Open MPI logo

Open MPI User's Mailing List Archives

  |   Home   |   Support   |   FAQ   |   all Open MPI User's mailing list

Subject: Re: [OMPI users] openmpi 1.6.3 fails to identify local host if its IP is 127.0.1.1
From: Jeff Squyres (jsquyres) (jsquyres_at_[hidden])
Date: 2013-07-03 15:09:46


Ralph and I talked some more about this.

Here's what we think:

1. The root cause of the issue is that you are assigning a non-existent IP address to a name. I.e., <foo> maps to 127.0.1.1, but that IP address does not exist anywhere. Hence, OMPI will never conclude that that <foo> is "local". If you had assigned <foo> to the 127.0.0.1 address, things should have worked fine.

Just curious: why are you doing this?

2. That being said, OMPI is not currently looking at all the responses from gethostbyname() -- we're only looking at the first one. In the spirit of how clients are supposed to behave when multiple IP addresses are returned from a single name lookup, OMPI should examine all of those addresses and see if it finds one that it "likes", and then use that. So we should extend OMPI to examine all the IP addresses from gethostbyname(). This should also fix your issue.

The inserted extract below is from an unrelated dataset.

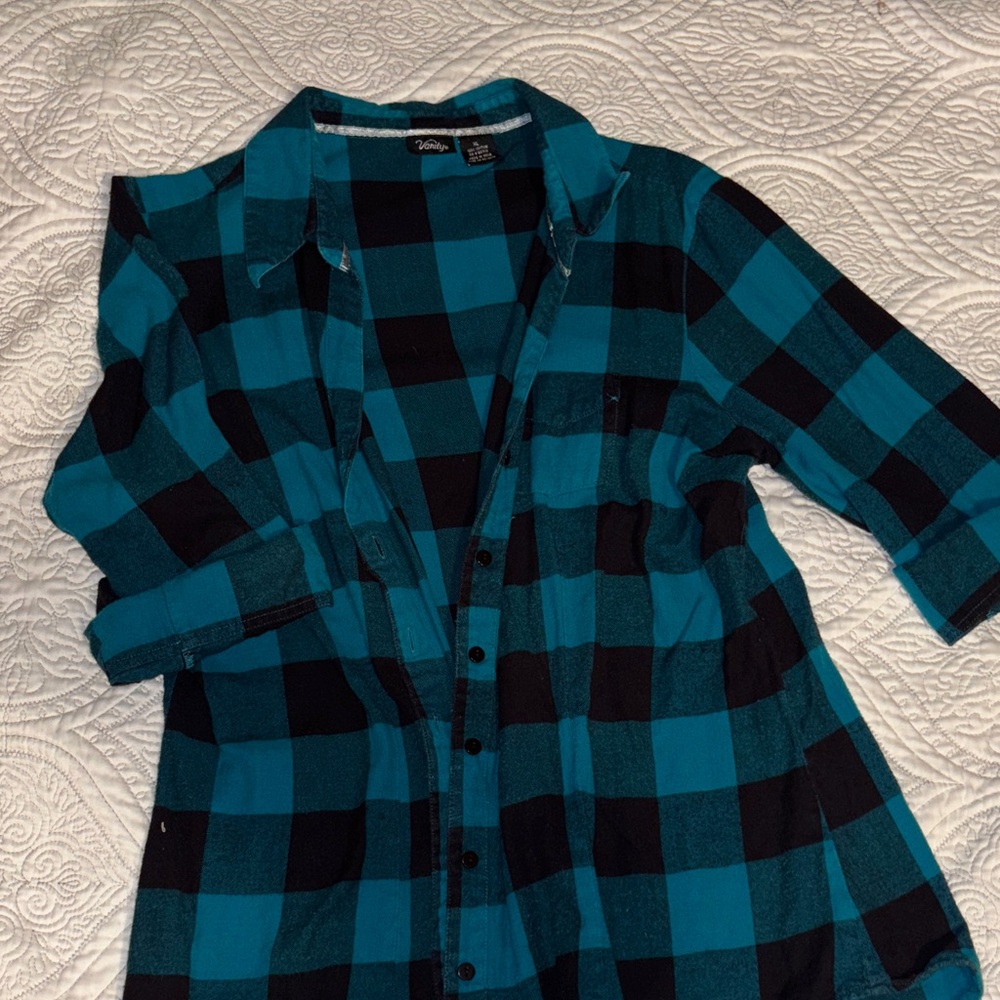 Teal and Black Plaid Button-Up Shirt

Ralph is going to work on this, but it'll likely take him a little time to get it done. We'll get it into the trunk and probably ask you to verify that it works for you. And if so, we'll back-port to the v1.6 and v1.7 series.

One final caveat, however: at this point, it does not look likely that 1.6.6 will ever happen. If this all works out, the fix will be committed to the v1.6 tree, and you can grab a nightly tarball snapshot (which are identical to our release tarballs except for their version numbers), or you can patch your 1.6.5 installation. But if 1.6.6 is ever released, the fix will be included.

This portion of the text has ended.